• Work item: Copy exactly. Include the line containing "#16095 - Sky", every line after it, and the last line below, but no pictures.

• Given records:
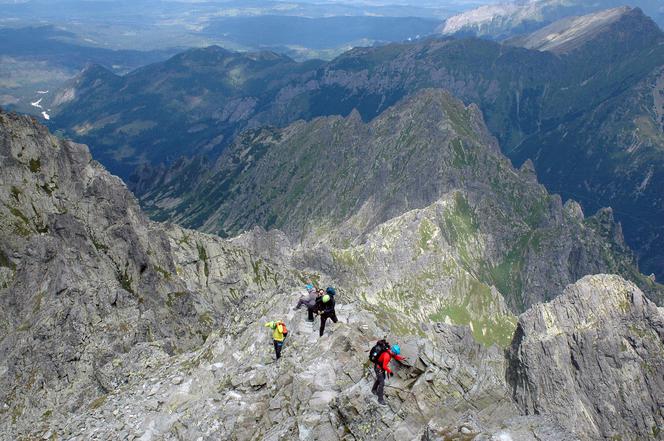 PATROL TATRY - nowy serial w FOKUS TV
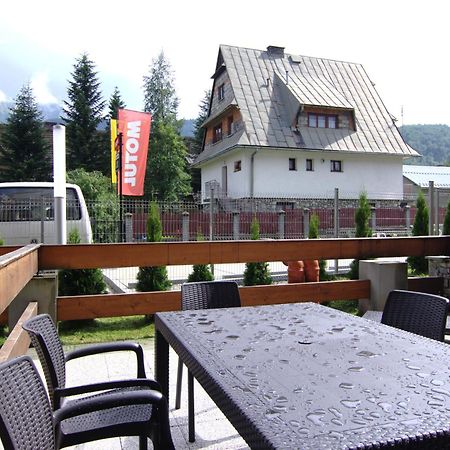 Apartamenty Krzeptowskiego Zakopane Luaran gambar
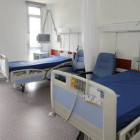Nuevas instalaciones del complejo hospitalario de Soria. / VALENTÍN GUISANDE-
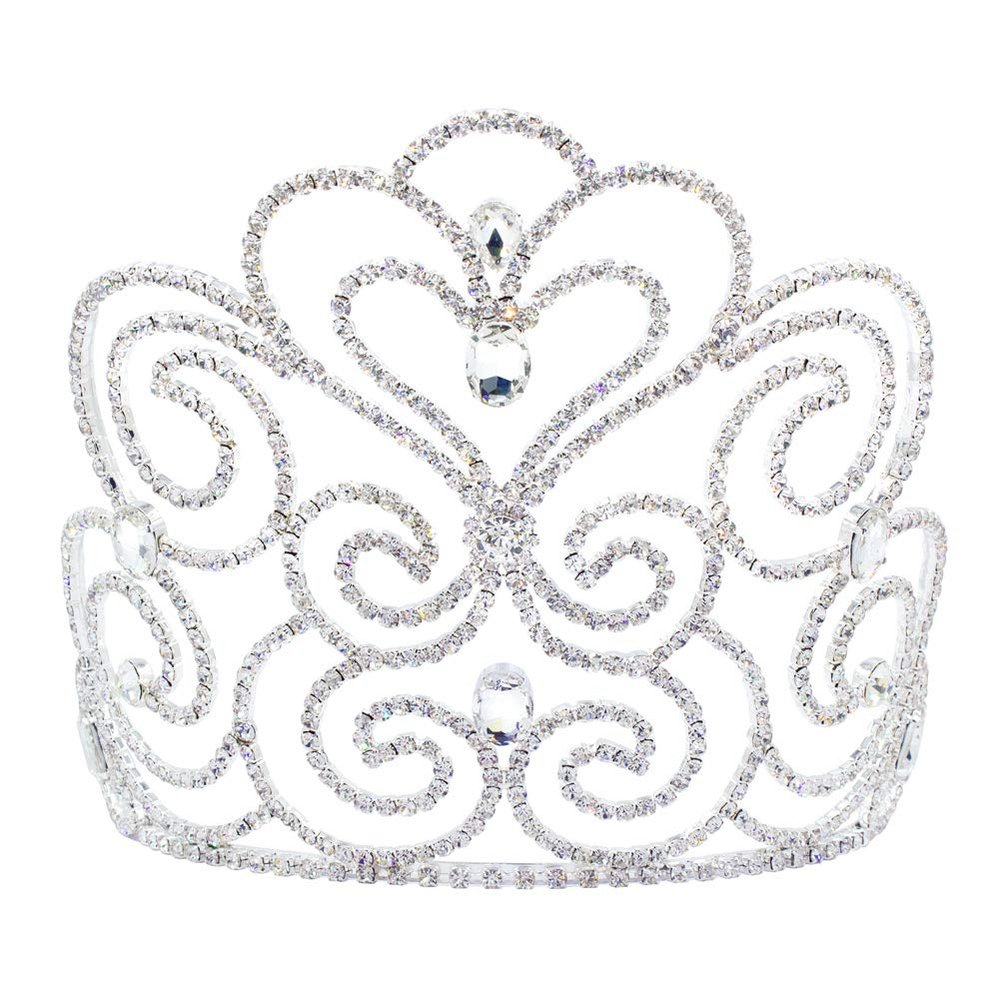 #16095 - Sky Princess Tiara - 7"
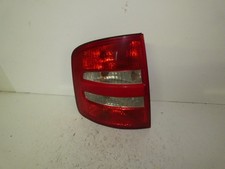 Rückleuchte links    Skoda Fabia 6Y BJ03 5tr.  Limo 6Y9945095B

• Problem solution:
 #16095 - Sky Princess Tiara - 7"
 Rückleuchte links    Skoda Fabia 6Y BJ03 5tr.  Limo 6Y9945095B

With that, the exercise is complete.